İşler çığırından çıkıyor tabii, tel olayı ilk somut örnek. Rutin tartışmalar, kavgalar bir dereceye kadar normal, ötesinde çatlaklar derinleşiyor. Bir gün tekneye atlayıp şehre giden J. dönüşte görüyor ki Elena denize girdiği bölgeyi dikenli telle çevirmiş, doğal güzellik insan elinin değmesiyle çirkinleşmiş. Ders var burada, J. görmüyor, telleri söktürüyor ama şenlik yeni başlıyor aslında. Ormancıların dükkândan veresiye aldıklarını bir kenara yazıyor ama borcun ödenmemesi canını hiç sıkmıyor gibi görünüyor, eşinin uyarıları da kâr etmeyince ekonomik durumları iyice bozuluyor. Kötü kesilen kerestelerin bir bölümü geri gönderilince hepten sıkıntı. Yani tüm bunların bir açıklaması var ama ikna edici değil: “Sakinleriyle birlikte tüm çiftlik, sanki hiç ilerlemeyen bir gemi gibiydi; bir yere gittiği yoktu. Ama bu aslında J.’nin çok da umurunda değildi. Çiftlikten zengin olmayı asla hayal etmemişti. Bunun olanaksız olduğunu çok iyi biliyordu. Bu aşırı sıcak ve şehvani tropik iklimde, olayların mantık çerçevesinde gelişmesini beklediği de yoktu.

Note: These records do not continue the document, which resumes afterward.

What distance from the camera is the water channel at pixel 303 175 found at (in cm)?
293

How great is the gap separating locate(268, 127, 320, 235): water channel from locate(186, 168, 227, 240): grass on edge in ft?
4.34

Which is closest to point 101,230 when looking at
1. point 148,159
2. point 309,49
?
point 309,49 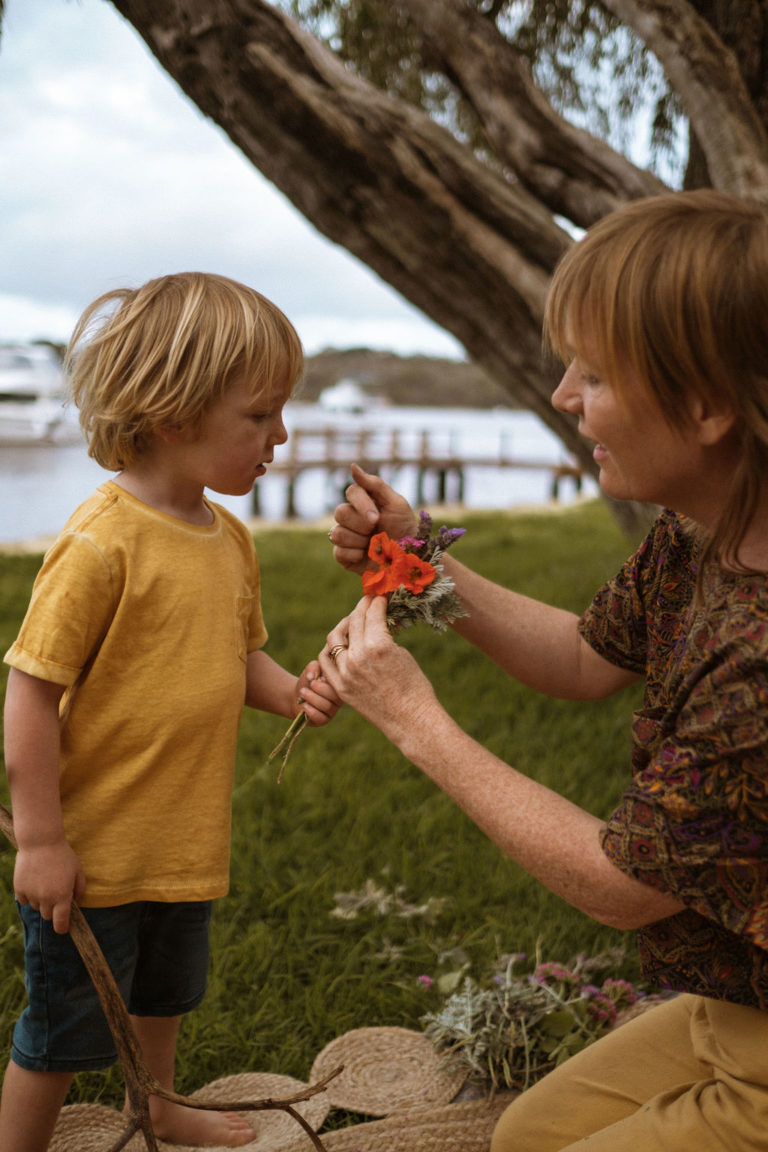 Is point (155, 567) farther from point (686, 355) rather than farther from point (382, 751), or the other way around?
point (382, 751)

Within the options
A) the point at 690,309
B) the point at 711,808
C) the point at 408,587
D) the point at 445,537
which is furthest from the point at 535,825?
the point at 690,309

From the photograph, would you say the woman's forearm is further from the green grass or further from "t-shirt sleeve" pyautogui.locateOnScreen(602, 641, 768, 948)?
the green grass

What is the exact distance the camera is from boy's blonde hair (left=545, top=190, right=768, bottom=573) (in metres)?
1.41

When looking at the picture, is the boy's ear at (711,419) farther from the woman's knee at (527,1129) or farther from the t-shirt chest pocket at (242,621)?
the woman's knee at (527,1129)

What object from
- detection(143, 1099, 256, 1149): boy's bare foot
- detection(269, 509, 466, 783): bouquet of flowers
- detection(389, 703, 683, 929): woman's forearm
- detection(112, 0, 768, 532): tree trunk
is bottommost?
detection(143, 1099, 256, 1149): boy's bare foot

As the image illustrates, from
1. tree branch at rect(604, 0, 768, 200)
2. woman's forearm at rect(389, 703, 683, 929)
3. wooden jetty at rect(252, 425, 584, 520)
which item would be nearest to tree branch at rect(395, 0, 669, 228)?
tree branch at rect(604, 0, 768, 200)

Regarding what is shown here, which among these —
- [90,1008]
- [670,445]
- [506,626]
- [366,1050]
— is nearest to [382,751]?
[366,1050]

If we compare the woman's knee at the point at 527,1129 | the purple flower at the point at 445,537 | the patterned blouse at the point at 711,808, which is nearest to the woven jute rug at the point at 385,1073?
the woman's knee at the point at 527,1129

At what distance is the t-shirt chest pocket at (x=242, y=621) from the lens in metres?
1.92

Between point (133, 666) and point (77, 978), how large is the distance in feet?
1.83

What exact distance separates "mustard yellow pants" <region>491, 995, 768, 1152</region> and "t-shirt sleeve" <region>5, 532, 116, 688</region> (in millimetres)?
1149

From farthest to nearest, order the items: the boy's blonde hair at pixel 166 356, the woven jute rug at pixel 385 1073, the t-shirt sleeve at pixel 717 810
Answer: the woven jute rug at pixel 385 1073 → the boy's blonde hair at pixel 166 356 → the t-shirt sleeve at pixel 717 810

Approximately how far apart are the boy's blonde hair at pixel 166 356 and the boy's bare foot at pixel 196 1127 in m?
1.36

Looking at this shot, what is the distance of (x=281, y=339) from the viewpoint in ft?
6.02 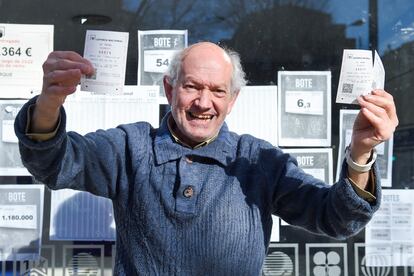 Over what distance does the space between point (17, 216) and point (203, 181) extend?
3.21ft

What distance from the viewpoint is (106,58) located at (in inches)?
78.7

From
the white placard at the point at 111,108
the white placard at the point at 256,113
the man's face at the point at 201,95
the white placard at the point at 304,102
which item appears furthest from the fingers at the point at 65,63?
the white placard at the point at 304,102

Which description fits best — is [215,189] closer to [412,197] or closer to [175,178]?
[175,178]

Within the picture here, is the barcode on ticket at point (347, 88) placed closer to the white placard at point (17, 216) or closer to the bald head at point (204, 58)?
the bald head at point (204, 58)

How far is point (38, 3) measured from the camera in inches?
108

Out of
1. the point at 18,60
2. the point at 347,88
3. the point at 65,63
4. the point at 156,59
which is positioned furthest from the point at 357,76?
the point at 18,60

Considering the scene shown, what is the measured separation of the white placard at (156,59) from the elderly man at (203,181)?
54 cm

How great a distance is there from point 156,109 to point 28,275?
2.62ft

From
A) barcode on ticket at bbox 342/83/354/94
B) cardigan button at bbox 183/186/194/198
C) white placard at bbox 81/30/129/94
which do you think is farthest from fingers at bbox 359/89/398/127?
white placard at bbox 81/30/129/94

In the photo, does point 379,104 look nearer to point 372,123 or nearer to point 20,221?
point 372,123

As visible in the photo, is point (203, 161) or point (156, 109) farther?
point (156, 109)

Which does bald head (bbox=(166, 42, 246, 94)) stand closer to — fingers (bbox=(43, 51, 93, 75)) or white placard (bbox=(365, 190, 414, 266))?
fingers (bbox=(43, 51, 93, 75))

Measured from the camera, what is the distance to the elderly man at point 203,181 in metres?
1.97

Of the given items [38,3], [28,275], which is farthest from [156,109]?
[28,275] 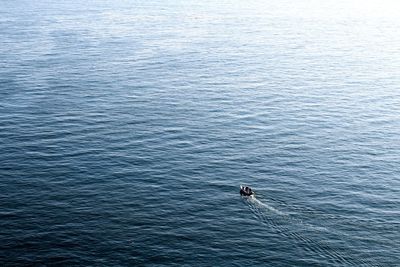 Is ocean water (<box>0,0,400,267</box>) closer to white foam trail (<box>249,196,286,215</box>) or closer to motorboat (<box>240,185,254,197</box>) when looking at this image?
white foam trail (<box>249,196,286,215</box>)

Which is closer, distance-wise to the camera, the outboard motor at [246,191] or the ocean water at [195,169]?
the ocean water at [195,169]

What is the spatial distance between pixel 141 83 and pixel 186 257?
9943 centimetres

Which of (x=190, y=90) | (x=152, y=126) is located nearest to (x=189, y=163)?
(x=152, y=126)

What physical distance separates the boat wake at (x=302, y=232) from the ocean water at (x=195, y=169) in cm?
28

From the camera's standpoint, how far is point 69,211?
95062 millimetres

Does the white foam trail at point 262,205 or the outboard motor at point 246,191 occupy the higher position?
the outboard motor at point 246,191

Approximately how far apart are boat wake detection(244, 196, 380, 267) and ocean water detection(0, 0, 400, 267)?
0.91 ft

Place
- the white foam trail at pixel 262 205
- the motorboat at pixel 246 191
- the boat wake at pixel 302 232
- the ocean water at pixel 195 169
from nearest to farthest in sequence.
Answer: the boat wake at pixel 302 232 → the ocean water at pixel 195 169 → the white foam trail at pixel 262 205 → the motorboat at pixel 246 191

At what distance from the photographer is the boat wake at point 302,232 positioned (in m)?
83.2

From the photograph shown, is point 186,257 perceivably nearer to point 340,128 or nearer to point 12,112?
point 340,128

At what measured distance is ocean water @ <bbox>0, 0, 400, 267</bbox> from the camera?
85.8 m

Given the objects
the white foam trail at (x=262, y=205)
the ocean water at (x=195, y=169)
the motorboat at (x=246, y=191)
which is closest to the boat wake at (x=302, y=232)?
the white foam trail at (x=262, y=205)

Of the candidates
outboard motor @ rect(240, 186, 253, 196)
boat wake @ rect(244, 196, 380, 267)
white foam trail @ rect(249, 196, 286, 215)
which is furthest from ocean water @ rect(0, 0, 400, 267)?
outboard motor @ rect(240, 186, 253, 196)

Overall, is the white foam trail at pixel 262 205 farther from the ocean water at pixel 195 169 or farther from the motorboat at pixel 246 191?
the motorboat at pixel 246 191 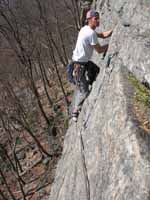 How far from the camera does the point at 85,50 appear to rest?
7.91 m

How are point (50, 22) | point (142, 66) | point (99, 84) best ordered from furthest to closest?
point (50, 22) → point (99, 84) → point (142, 66)

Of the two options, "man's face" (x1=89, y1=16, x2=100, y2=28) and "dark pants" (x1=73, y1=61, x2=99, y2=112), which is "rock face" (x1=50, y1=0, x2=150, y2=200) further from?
"man's face" (x1=89, y1=16, x2=100, y2=28)

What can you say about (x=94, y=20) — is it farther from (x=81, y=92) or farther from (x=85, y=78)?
(x=81, y=92)

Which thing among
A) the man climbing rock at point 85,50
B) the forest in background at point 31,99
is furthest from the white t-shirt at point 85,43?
the forest in background at point 31,99

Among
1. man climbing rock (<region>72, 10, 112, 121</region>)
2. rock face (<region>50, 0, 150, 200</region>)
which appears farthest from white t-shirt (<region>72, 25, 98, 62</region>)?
rock face (<region>50, 0, 150, 200</region>)

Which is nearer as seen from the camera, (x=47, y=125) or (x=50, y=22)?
(x=47, y=125)

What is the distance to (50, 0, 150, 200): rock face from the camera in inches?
190

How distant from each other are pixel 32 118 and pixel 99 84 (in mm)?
21406

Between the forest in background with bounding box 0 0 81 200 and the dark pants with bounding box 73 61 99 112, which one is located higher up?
the dark pants with bounding box 73 61 99 112

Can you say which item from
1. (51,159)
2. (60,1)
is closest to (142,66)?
(51,159)

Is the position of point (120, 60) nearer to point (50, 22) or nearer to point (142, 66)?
point (142, 66)

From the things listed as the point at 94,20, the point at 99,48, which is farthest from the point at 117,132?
the point at 94,20

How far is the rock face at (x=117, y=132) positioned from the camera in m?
4.83

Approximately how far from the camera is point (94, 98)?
7.77 m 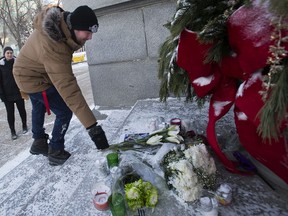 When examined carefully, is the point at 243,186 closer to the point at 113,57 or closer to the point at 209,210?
the point at 209,210

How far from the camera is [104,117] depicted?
12.0 ft

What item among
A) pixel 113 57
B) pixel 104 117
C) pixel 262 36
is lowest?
pixel 104 117

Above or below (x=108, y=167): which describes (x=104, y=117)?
below

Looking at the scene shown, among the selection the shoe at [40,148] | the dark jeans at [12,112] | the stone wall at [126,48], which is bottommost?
the dark jeans at [12,112]

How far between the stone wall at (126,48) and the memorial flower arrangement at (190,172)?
1.88m

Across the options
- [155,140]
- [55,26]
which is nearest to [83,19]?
[55,26]

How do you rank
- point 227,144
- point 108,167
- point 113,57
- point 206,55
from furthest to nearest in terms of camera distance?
point 113,57
point 227,144
point 108,167
point 206,55

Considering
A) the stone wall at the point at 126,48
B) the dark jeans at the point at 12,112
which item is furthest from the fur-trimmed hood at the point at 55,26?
the dark jeans at the point at 12,112

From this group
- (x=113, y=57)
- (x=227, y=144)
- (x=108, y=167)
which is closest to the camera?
(x=108, y=167)

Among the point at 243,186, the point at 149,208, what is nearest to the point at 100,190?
the point at 149,208

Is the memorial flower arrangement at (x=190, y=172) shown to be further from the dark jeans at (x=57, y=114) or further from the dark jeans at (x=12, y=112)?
the dark jeans at (x=12, y=112)

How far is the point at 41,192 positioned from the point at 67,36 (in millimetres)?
1299

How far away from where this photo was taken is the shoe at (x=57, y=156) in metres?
2.57

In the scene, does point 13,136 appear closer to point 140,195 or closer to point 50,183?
point 50,183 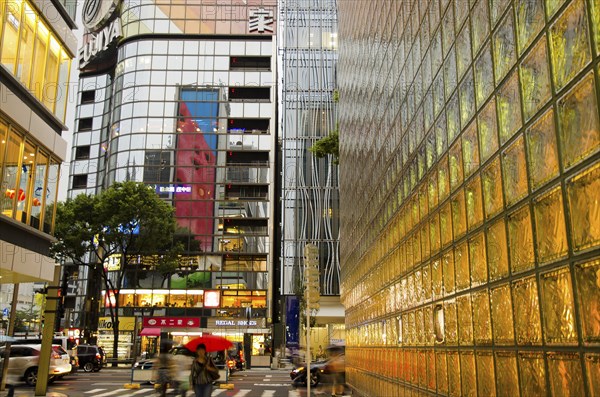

Aslında buraya tam da alçaltıcı bir biçimde mantıklı ve steril olan şeylerden, benzinden, kariyer hırsından, asfalttan kaçmak için gelmişti. Elena’nın dikenli tellerinden tam da bu yüzden nefret etmişti: Onun için karikatürün de karikatürü, insanın yapabileceklerinin en üzücü örneklerinden biriydi.” (s. 124) Eh, küçük burjuva olarak pek de farklı bir şey yapmaması bir yana, J. önceliklerini de iyi belirlemediği için çok sevdiği Elena’dan nefret eder hale geliyor, kadın pes edip oradan ayrıldığı zaman boşluğun tam ortasına düşüyor. Yıkımını arayan bir adam J., bu yüzden Elena’nın uyarılarına kulak asmayarak Octavio’yu işe alıyor. Altmış yaşlarında, uzun boylu ve kaslı, tehlikeli bir adam Octavio, çiftliği çekip çevirebileceğini söyleyip iş istiyor. Elena’nın gözü hiç tutmuyor adamı da J.’nin bir kurtarıcıya ihtiyacı var, işçileri yola koyup verimliliği artıracak birine. Sonunu böyle hazırlıyor J., hayaline ulaşmak için dünya para harcayıp güzergâhın tam tersine doğru yol almayı başarması takdire değer, son âna kadar Octavio’ya karşı koymaması bir başka başarı, eh, vurulmak için yapılması gereken her şeyi yaptı sayılır. Cennet gibi topraklara Kardeşler Market kurmak iyi bir fikir değil, kentle kırın dinamiklerini bir tutmak da öyle.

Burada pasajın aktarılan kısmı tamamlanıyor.